President Michael D Higgins has expressed his condolences to the people of France after Thursday night's terror attack in Nice that left 84 dead.
Mr Higgins said the attack should be “received with revulsion by all those who value democracy”.
The President has spoken to French ambassador Jean-Pierre Thébault, offering his sympathy and requesting his message on behalf of the Irish people be passed to President François Hollande.
Mr Higgins said a “cowardly attack in a public place on a national day of celebration must be condemned in the strongest terms. We must strengthen our resolve not to let such cold-blooded attacks undermine the way of life in our global community seeking to live in diversity and peace”.
“All of the thoughts of those who value freedom and the public world are with the people of France at this time. I wish to express my sincerest condolences to the families of all those bereaved and injured.”
Taoiseach Enda Kenny said he wished on the part of the Government to express his sympathies and solidarity with the French people.

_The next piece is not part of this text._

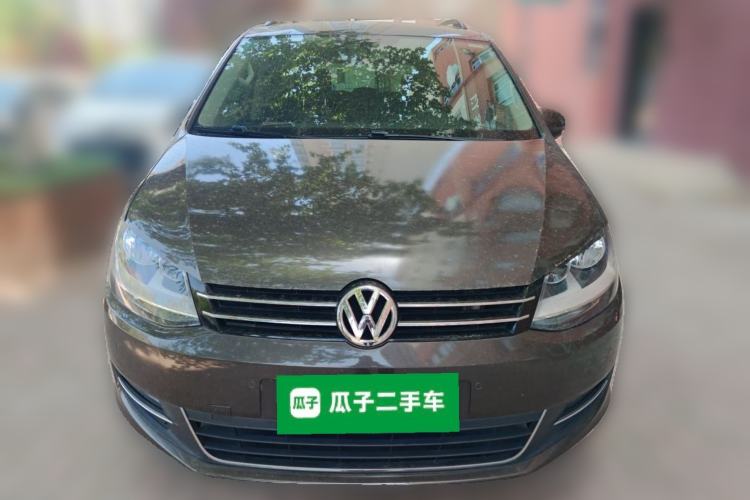 Used Volkswagen Sharan 2013 2.0 TSI Standard Model Front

He added: “I am deeply shocked and saddened at this horrific attack in Nice. Once again innocent people have been targeted at an occasion of joy and celebration.
“French people have suffered appallingly and have again been the victim of cynical and wanton violence. We cannot and will not yield to this malevolence.”

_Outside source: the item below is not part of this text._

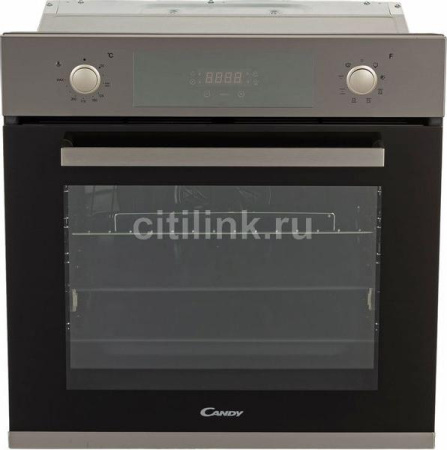 Встраиваемый духовой шкаф Candy FCP 625 VXL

Tánaiste and Minister for Justice Frances Fitzgerald described the attack in Nice as "an unspeakably evil outrage".
“Whatever its motivation, it seems clear that its intent was to kill, wound and terrorise ordinary people enjoying the freedoms we cherish so much.
“This is yet another time of great anguish for the people of France. All who cherish democracy will stand with them in the knowledge that our values will ultimately prevail in the face of such savagery,” she said.
Fianna Fáil leader Micheál Martin said it had been a "horrendous and callous attack on people's freedom as they celebrated Bastille Day".
“It is shocking that the people of France have yet again been visited by such horrific tragedy. We must all stand together in total condemnation of this tragedy.”
Archbishop of Dublin Diarmaid Martin said all terrorist endeavours attack the fundamental basis of our democratic co-existence.
“There is only one way to fight attacks on democracy and that is to reinforce democracy and uncompromisingly affirm our commitment to democracy,” he said.
“Democracy involves respect for rights and values of each person and for the rule of law. Where the quality of democracy is weakened, the door is opened to those who use their own ideology or power to render us all weaker and less protected.”
Northern Ireland deputy First Minister Martin McGuinness said people must “stand together in the face of hate and intolerance and show solidarity with the people of France at this time”.